**TASK REQUIREMENTS**
The result should be an exact copy of the data, free of pictures.

### TASK MATERIAL ###

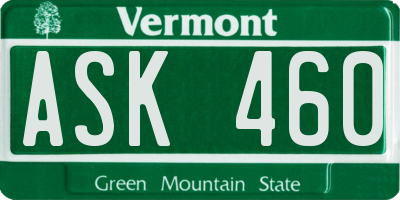 VT license plate ASK460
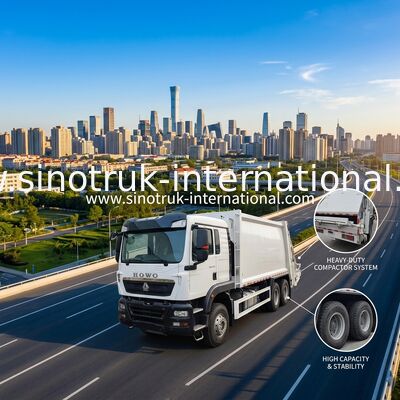 18m3 बड़े वॉल्यूम संपीड़न कचरा ट्रक 371HP इंजन और भारी शुल्क टायर के साथ कुशल अपशिष्ट प्रबंधन के लिए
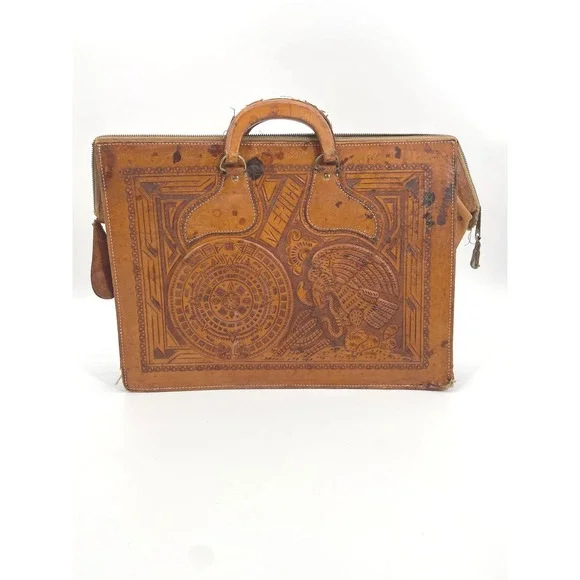 Vintage Mexican Hand Tooled Leather Briefcase - Aztec Sun Stone & Eagle - As-Is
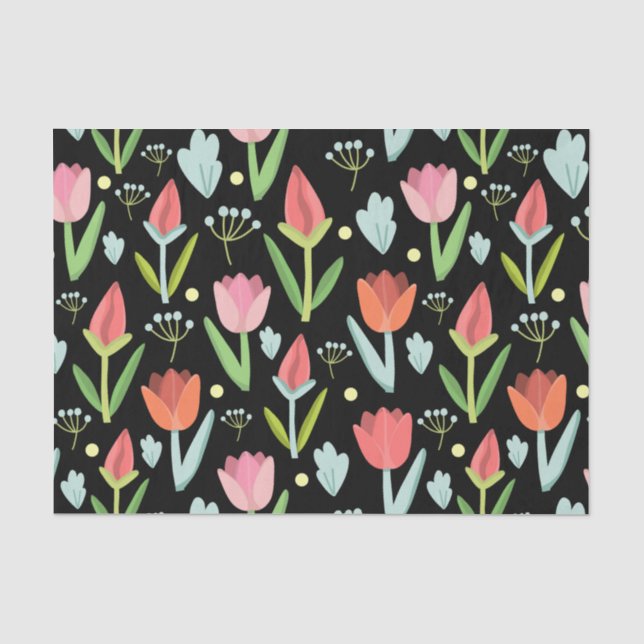 Abstract Colourful Flowers Tissue Paper (Front)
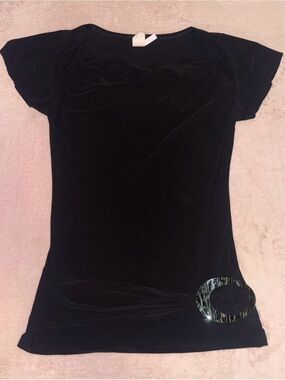 Vintage Y2K Mink Black Buckle Draped Stretch Top🖤✨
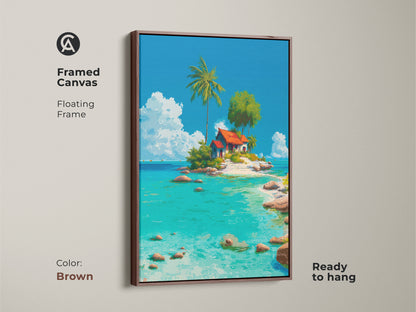 Framed canvas artwork with a brown floating frame displaying a tropical island with a charming house palm tree and clear turquoise sea. Ready to hang this piece brings a serene beach atmosphere to your home. The brown frame complements the tropical theme.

###

**REPLY TO THE EXERCISE**
 VT license plate ASK460
 18m3 बड़े वॉल्यूम संपीड़न कचरा ट्रक 371HP इंजन और भारी शुल्क टायर के साथ कुशल अपशिष्ट प्रबंधन के लिए
 Vintage Mexican Hand Tooled Leather Briefcase - Aztec Sun Stone & Eagle - As-Is
 Abstract Colourful Flowers Tissue Paper (Front)
 Vintage Y2K Mink Black Buckle Draped Stretch Top🖤✨
 Framed canvas artwork with a brown floating frame displaying a tropical island with a charming house palm tree and clear turquoise sea. Ready to hang this piece brings a serene beach atmosphere to your home. The brown frame complements the tropical theme.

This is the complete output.